The response should contain only the line with "BMW 2 Series" and every line after it to the end of the listing below, duplicated exactly; no picture belongs in it.

### COLLECTED MATERIAL
== Segment start ==
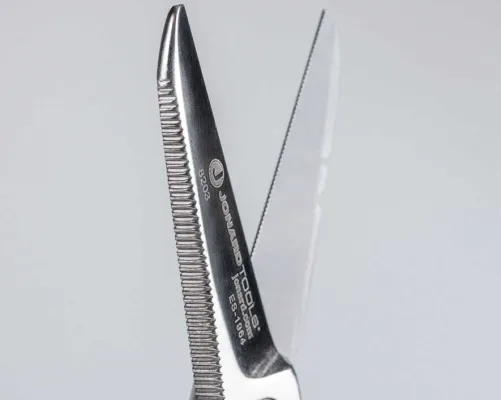 Jonard - ES-1964 - Electrician's Scissors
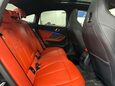 BMW 2 Series 2.0 M235i Saloon 4dr Petrol Auto xDrive Euro 6 (s/s) (306 ps) 42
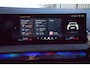 BMW X3 30e xDrive M Sport 299pk Panoramadak/Trekhaak/HarmanKardon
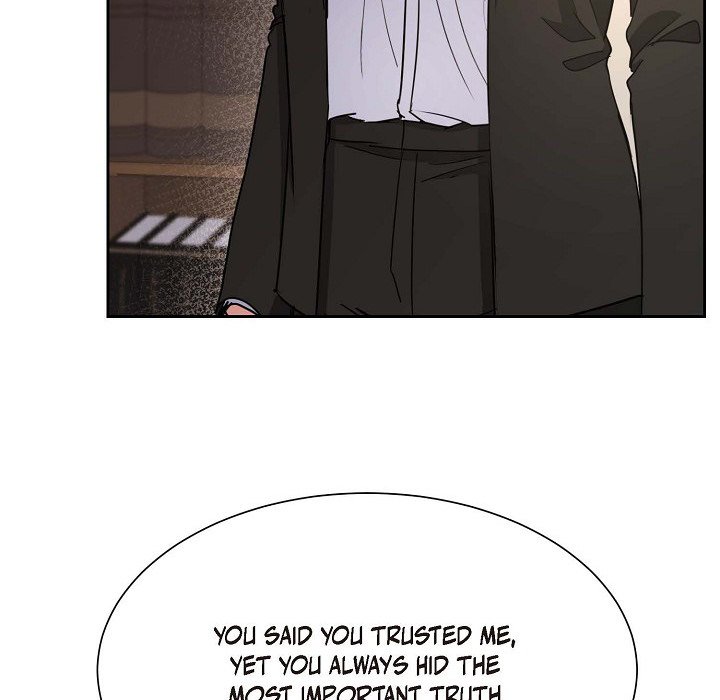 Absolute Possession Absolute Possession EP 58 - Toomics page 69 -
== Segment end ==
### RESPONSE TO THIS TASK
 BMW 2 Series 2.0 M235i Saloon 4dr Petrol Auto xDrive Euro 6 (s/s) (306 ps) 42
 BMW X3 30e xDrive M Sport 299pk Panoramadak/Trekhaak/HarmanKardon
 Absolute Possession Absolute Possession EP 58 - Toomics page 69 -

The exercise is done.